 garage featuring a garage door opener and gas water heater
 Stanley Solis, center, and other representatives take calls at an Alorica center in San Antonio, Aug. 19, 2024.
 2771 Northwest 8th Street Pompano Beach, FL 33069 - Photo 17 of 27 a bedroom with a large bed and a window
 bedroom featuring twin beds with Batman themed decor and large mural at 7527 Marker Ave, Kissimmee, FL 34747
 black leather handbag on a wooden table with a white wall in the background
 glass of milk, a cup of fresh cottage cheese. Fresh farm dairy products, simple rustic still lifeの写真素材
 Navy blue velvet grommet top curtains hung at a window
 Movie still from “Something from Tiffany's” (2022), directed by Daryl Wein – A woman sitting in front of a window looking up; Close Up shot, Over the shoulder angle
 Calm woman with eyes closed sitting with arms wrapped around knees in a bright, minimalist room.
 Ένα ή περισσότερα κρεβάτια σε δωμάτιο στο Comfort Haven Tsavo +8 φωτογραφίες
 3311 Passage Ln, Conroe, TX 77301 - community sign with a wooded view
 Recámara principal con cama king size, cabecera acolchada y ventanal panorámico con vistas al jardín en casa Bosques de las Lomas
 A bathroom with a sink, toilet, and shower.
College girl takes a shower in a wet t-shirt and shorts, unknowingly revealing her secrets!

· · · · · · ·

== Work required ==
Reproduce, exactly as they stand in the data above, the lines from the one that holds "2771 Northwest 8th" to the one that holds "Navy blue velvet", inclusive.

== Output for this exercise ==
 2771 Northwest 8th Street Pompano Beach, FL 33069 - Photo 17 of 27 a bedroom with a large bed and a window
 bedroom featuring twin beds with Batman themed decor and large mural at 7527 Marker Ave, Kissimmee, FL 34747
 black leather handbag on a wooden table with a white wall in the background
 glass of milk, a cup of fresh cottage cheese. Fresh farm dairy products, simple rustic still lifeの写真素材
 Navy blue velvet grommet top curtains hung at a window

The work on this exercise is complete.